**ASSIGNMENT**
Nothing but the lines from the one with "Walter L Boyer Sr." down to the one with "Fleurs dans une" should be returned, exactly and with both ends included, from the material below.

**DATA SECTION**
- Opening Delimiter -
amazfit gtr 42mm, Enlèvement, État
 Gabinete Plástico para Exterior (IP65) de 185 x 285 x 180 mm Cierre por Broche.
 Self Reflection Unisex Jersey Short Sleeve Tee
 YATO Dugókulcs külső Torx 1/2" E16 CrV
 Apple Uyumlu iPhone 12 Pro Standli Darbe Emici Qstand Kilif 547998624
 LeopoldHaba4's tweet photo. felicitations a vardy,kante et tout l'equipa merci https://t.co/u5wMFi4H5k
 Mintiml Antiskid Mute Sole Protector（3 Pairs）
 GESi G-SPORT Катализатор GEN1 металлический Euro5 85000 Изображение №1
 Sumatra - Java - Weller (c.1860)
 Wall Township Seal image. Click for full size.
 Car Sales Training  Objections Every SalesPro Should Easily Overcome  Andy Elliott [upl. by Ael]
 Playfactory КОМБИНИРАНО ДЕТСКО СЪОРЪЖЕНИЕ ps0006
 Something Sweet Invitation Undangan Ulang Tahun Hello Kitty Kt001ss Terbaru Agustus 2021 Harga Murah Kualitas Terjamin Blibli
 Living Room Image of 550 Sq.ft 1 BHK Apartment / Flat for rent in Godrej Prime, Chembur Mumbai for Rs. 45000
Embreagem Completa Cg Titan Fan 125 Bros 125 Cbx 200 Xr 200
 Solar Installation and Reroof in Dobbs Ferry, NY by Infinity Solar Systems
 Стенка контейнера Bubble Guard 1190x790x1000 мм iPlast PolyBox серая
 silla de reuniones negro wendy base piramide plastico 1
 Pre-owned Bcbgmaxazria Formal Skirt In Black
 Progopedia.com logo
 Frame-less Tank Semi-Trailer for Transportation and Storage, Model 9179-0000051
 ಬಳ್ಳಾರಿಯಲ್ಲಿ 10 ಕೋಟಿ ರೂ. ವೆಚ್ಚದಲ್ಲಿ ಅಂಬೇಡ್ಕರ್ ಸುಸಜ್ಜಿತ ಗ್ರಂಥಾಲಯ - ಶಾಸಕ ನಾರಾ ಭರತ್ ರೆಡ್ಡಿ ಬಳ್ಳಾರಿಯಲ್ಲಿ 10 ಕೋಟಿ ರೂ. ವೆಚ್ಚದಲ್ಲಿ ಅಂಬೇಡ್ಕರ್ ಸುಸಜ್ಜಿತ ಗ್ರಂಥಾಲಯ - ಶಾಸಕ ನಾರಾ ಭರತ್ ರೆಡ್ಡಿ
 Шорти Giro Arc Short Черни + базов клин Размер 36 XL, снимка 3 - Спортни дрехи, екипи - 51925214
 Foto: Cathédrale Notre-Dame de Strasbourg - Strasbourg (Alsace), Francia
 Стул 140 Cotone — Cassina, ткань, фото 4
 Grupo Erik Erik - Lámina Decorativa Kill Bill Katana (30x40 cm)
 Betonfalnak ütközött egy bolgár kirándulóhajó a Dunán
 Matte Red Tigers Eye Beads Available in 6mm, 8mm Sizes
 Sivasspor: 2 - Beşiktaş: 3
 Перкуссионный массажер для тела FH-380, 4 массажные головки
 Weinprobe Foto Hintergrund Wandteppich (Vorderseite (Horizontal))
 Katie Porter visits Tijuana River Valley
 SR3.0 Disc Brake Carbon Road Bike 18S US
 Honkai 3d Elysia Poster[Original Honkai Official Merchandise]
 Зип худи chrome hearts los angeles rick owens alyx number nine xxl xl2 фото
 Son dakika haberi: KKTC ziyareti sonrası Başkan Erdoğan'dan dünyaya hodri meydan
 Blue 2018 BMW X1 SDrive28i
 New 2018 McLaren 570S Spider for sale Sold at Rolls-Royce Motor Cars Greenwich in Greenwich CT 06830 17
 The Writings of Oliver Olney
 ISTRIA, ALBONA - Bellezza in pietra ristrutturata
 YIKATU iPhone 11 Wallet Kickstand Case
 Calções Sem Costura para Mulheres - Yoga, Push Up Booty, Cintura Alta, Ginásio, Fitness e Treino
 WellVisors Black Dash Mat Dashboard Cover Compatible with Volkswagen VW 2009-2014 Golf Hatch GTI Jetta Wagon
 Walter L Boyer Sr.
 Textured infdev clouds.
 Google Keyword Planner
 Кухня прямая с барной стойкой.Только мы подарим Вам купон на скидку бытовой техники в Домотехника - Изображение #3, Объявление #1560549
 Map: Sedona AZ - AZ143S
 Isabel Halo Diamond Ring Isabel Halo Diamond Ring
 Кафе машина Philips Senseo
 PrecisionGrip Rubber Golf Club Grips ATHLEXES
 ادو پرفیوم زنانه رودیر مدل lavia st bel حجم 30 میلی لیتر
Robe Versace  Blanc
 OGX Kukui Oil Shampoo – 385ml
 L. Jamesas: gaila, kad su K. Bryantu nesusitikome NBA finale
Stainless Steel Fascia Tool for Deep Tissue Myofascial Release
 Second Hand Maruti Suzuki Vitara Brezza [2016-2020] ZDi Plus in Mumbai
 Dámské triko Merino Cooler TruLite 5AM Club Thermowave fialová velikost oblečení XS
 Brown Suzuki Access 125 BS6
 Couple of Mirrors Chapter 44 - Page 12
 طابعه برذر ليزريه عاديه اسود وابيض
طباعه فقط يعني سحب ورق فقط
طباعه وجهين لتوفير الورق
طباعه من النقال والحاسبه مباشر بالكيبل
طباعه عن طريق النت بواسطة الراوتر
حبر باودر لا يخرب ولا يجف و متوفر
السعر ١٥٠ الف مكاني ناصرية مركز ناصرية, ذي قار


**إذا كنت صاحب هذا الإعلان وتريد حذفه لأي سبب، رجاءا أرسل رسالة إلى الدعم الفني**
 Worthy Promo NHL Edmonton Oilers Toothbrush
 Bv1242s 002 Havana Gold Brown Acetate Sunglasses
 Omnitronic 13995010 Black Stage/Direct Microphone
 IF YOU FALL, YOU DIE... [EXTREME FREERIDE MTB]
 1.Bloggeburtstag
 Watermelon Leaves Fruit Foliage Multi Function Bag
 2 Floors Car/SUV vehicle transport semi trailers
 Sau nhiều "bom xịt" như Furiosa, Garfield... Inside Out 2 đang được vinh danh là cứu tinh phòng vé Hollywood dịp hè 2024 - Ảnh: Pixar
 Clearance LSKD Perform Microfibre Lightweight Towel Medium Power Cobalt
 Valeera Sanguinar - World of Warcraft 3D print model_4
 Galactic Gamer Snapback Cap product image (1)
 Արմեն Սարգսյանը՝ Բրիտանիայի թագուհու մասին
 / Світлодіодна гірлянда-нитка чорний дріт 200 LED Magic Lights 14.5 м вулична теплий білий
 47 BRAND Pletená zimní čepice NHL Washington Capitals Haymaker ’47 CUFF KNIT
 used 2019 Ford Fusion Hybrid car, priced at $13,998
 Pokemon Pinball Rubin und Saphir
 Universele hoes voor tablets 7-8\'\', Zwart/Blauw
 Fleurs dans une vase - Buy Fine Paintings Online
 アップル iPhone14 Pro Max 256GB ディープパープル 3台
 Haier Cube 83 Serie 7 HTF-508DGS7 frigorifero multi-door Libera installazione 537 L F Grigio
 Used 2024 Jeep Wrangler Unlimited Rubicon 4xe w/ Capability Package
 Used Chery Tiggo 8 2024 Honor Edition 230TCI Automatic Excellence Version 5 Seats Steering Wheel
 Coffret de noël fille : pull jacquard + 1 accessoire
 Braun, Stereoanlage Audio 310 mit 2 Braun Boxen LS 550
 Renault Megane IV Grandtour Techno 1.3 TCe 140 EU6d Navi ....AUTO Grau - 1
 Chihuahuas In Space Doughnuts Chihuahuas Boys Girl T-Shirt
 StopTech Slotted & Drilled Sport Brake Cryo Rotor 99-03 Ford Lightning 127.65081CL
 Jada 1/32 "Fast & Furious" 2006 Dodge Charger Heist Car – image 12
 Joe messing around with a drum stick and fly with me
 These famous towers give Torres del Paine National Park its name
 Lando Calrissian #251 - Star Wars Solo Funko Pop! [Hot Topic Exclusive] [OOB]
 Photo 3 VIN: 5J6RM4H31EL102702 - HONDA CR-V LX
- Closing Delimiter -
**TASK SOLUTION**
 Walter L Boyer Sr.
 Textured infdev clouds.
 Google Keyword Planner
 Кухня прямая с барной стойкой.Только мы подарим Вам купон на скидку бытовой техники в Домотехника - Изображение #3, Объявление #1560549
 Map: Sedona AZ - AZ143S
 Isabel Halo Diamond Ring Isabel Halo Diamond Ring
 Кафе машина Philips Senseo
 PrecisionGrip Rubber Golf Club Grips ATHLEXES
 ادو پرفیوم زنانه رودیر مدل lavia st bel حجم 30 میلی لیتر
Robe Versace  Blanc
 OGX Kukui Oil Shampoo – 385ml
 L. Jamesas: gaila, kad su K. Bryantu nesusitikome NBA finale
Stainless Steel Fascia Tool for Deep Tissue Myofascial Release
 Second Hand Maruti Suzuki Vitara Brezza [2016-2020] ZDi Plus in Mumbai
 Dámské triko Merino Cooler TruLite 5AM Club Thermowave fialová velikost oblečení XS
 Brown Suzuki Access 125 BS6
 Couple of Mirrors Chapter 44 - Page 12
 طابعه برذر ليزريه عاديه اسود وابيض
طباعه فقط يعني سحب ورق فقط
طباعه وجهين لتوفير الورق
طباعه من النقال والحاسبه مباشر بالكيبل
طباعه عن طريق النت بواسطة الراوتر
حبر باودر لا يخرب ولا يجف و متوفر
السعر ١٥٠ الف مكاني ناصرية مركز ناصرية, ذي قار


**إذا كنت صاحب هذا الإعلان وتريد حذفه لأي سبب، رجاءا أرسل رسالة إلى الدعم الفني**
 Worthy Promo NHL Edmonton Oilers Toothbrush
 Bv1242s 002 Havana Gold Brown Acetate Sunglasses
 Omnitronic 13995010 Black Stage/Direct Microphone
 IF YOU FALL, YOU DIE... [EXTREME FREERIDE MTB]
 1.Bloggeburtstag
 Watermelon Leaves Fruit Foliage Multi Function Bag
 2 Floors Car/SUV vehicle transport semi trailers
 Sau nhiều "bom xịt" như Furiosa, Garfield... Inside Out 2 đang được vinh danh là cứu tinh phòng vé Hollywood dịp hè 2024 - Ảnh: Pixar
 Clearance LSKD Perform Microfibre Lightweight Towel Medium Power Cobalt
 Valeera Sanguinar - World of Warcraft 3D print model_4
 Galactic Gamer Snapback Cap product image (1)
 Արմեն Սարգսյանը՝ Բրիտանիայի թագուհու մասին
 / Світлодіодна гірлянда-нитка чорний дріт 200 LED Magic Lights 14.5 м вулична теплий білий
 47 BRAND Pletená zimní čepice NHL Washington Capitals Haymaker ’47 CUFF KNIT
 used 2019 Ford Fusion Hybrid car, priced at $13,998
 Pokemon Pinball Rubin und Saphir
 Universele hoes voor tablets 7-8\'\', Zwart/Blauw
 Fleurs dans une vase - Buy Fine Paintings Online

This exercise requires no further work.